The Department of Labor (DOL) recently issued a proposed rule that is intended to provide clarity in determining when a worker is properly classified as an independent contractor under the Fair Labor Standards Act (FLSA).
All persons who perform work are either employees or independent contractors. The differences between the two worker classifications, and the tests for determining the proper classifications, are numerous. In addition to the FLSA there is also a separate IRS test, as well as multiple and varied tests in each state, including those for unemployment, workers’ compensation, and hour and wage laws.
While classifications and tests may vary, some themes remain consistent. The often-used misnomer, “1099 employee,” for example, does not exist. All employees are issued a W-2, receive wages subject to minimum wage and overtime laws, and must be paid via payroll with appropriate withholdings. Independent contractors, however, receive a 1099, may perform services for a client or multiple clients, are paid pursuant to an agreement and only when services are performed, are paid without regard to hour and wage laws, and do not have withholding calculated for them.

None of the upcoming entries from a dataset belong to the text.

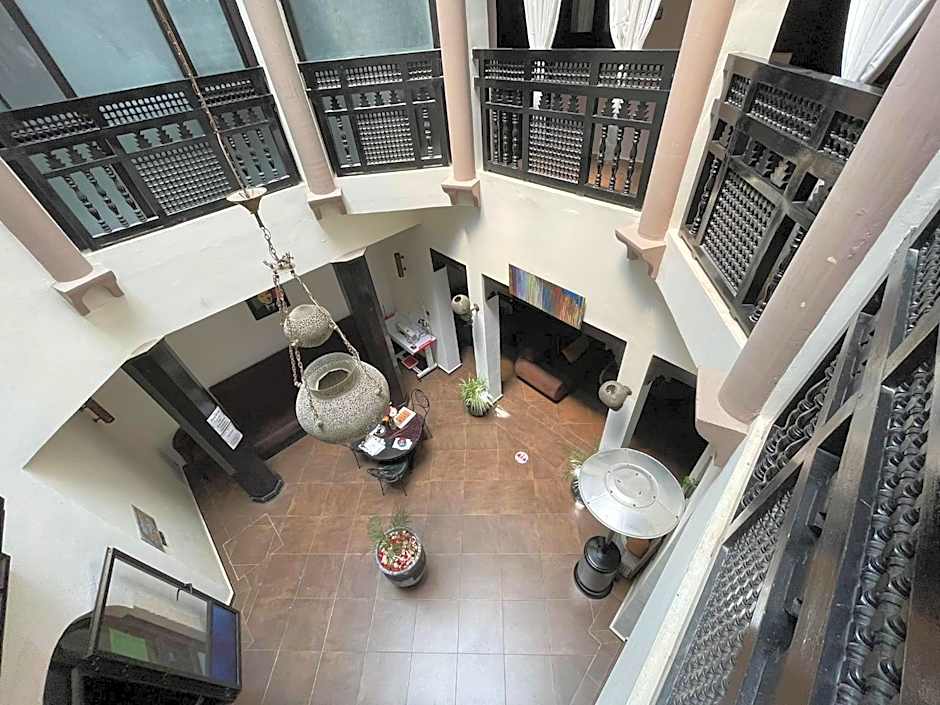 Riad 7 Pierres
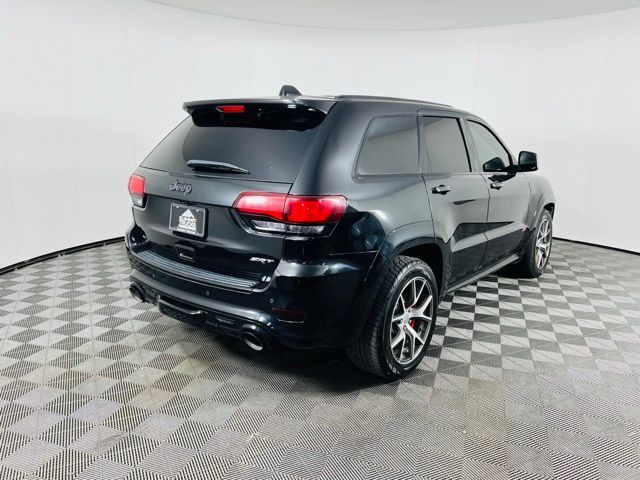 2016 Jeep Grand Cherokee SRT
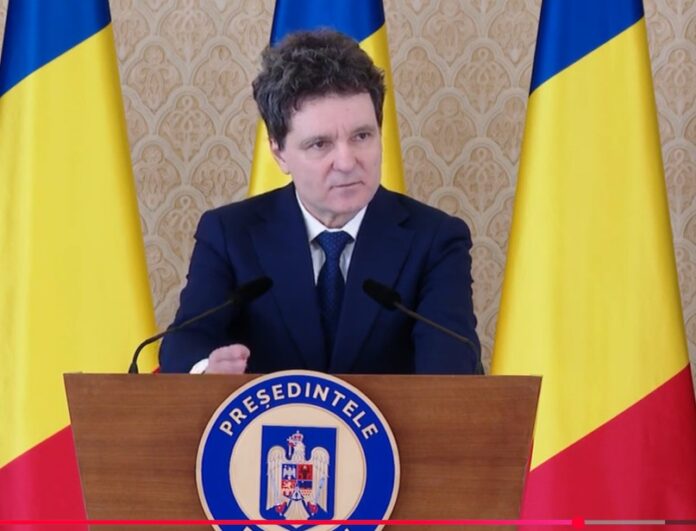 Nicuşor Dan: îi asigur pe români că nu au motive de îngrijorare. Țara lor este o țară sigură, ba chiar mai sigură!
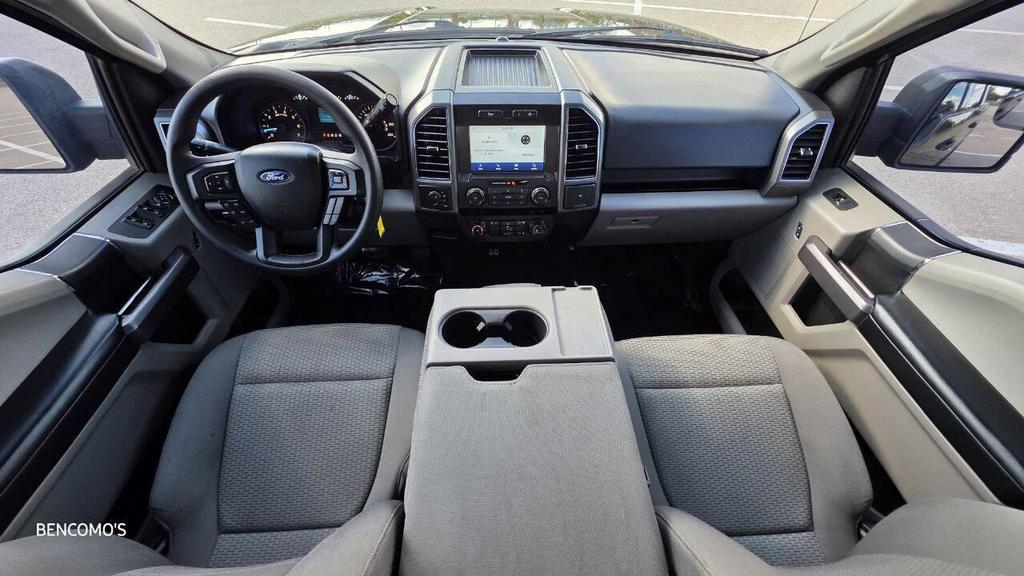 used 2020 Ford F-150 car, priced at $19,990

Under the Fair Labor Standards Act, all workers are presumed to be employees. The employer has the burden of showing that a worker is not an employee and is properly classified as an independent contractor. Currently, there are several tests that vary by jurisdiction to determine if the worker is properly classified as an independent contractor under the FLSA based upon differing circuit court opinions.
The DOL seeks in its proposed rule to streamline the test to a five-factor “economic realities” test. This multi-factor test would focus on two core factors. First, the worker’s nature and degree of control over the work. This is sometimes referred to as the “manner and means” test and examines if the worker is able to determine how, and often when, the work is performed. Second, the DOL proposed rule would focus on the worker’s opportunity for profit and loss from the work. The DOL explained that employees are generally paid a wage or a salary for their time, while independent contractors are generally paid for a service or good, and the test is whether the worker can profit, or loose, from their initiative and investment in the work. For example, a painter who is paid by the hour earns the same amount regardless of how well they manage the project because they are paid for their time. However, a painter who bids a project that includes labor and materials, may be able to profit if they are able to reduce costs and complete the project more efficiently.
There are three additional factors that the proposed rule would also consider, all designed to help determine if a worker is economically dependent, i.e. an employee, or economically independent, i.e. an independent contractor. These remaining factors are: (i) the skill required for the work; (ii) the permanence of the working relationship; and (iii) whether the work is part of an integrated unit of production. This last factor differs from current tests regarding a worker who is “integral” to the business and instead examines the work on more specific level involved in the actual work. Similar to other DOL tests, all five factors would be assessed on the actual relationships, practices, and duties of the worker rather than any agreement between parties.
The DOL’s proposed rule is open for comment until October 26, 2020. Should the rule be enacted following the notice period, it could provide clarity and conformity on a federal level. However, employers should still be wary of varied state and local rules that govern independent contractor classification. As with minimum wage or non-exempt status, state or local laws provide different standards. For instance, California, Massachusetts, and other similar jurisdictions would likely continue to enforce their “ABC test” on a state level. This means that even if the employer met the DOL’s proposed rule, if they failed to meet the differing test under state law, the employee or a state agency could bring action against the employer under state law for improper classification.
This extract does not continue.